Assembly: Attempting the Kreg jig and drilling

Uneven measurements: As I started assembling the wood pieces, I noticed that the plank lengths were a bit uneven, with one in particular quite shorter than the others. It was still long enough to reach one wall to the opposite wall. The two walls of wood were also at slightly different heights, with one wall being about 1 cm taller. Potential reasons for the discrepancy in the planks could be due to my own inaccurate penciled-in measurement and the difference in the walls could be a discrepancy in the built-in measurement system of the table saw.

Kreg jig: I experimented with the kreg jig to hide the screws when connecting the walls of the wood to the bottom of the box. The kreg jig worked, but the screws did pierce the other side of the wood a little bit, though not very noticable. I tried seeing if I could connect the planks to the wall using the kreg jig also. This was difficult, as some times when I tried drilling the pivot hole, it would stop half-way through the wood as if it was blocked by something. I decided to switch my plan and go to the standard drilling method.

Top and bottom left holes do not have screws. These were trials.

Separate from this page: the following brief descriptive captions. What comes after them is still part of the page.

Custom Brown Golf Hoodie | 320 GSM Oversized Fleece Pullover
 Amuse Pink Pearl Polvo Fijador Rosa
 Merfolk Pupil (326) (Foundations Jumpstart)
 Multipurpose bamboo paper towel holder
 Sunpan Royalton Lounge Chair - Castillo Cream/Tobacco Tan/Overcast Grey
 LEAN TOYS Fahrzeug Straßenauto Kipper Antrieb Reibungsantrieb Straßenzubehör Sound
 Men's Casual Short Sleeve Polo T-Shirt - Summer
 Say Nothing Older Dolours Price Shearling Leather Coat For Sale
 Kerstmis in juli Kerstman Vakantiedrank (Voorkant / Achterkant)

Drilling: Most of the screws were able to embed itself deeper than the wood surface, making the screw heads not protrude outward. However, some screws were not able to go deeper than the wood surface. For those screws, perhaps an unprecise pivot hole prevented the entire screw from embedding into the wood.

Screw heads embedded into the wood

Middle screw is slightly protruding

Cost analysis:

3/4 in. x 2 ft. x 4 ft wood => 24 in x 48 in = 1152 in^2 wood for $31.58

Total area of wood for my box calculation:  (width of 0.75″ is the same)

6 pieces of (3.5″ x 16″ planks) = 336 in^2

2 pieces of (14.5″ x 12″ wall side) = 348 in^2

1 piece of (16″ x 16″ bottom) = 256 in^2

Total area = 940 in^2

Wood cost = 940 in^2 x ($31.58 / 1152 in^2) = $25.77

28 screws x ($0.08 / 1 screw) = $2.24

Stain = ~8 oz x ($13.57/ 32 oz) = $3.39

Labor: 6 hours x ($15 / 1 hour) = $90

Total cost = $121.40

Final box:

Conclusion:

It was fascinating to experiment with many different techniques–using the table saw, routing, using the kreg jig, sanding, staining–to go from raw wood to a complete, easy-to-carry box that can hold items in it.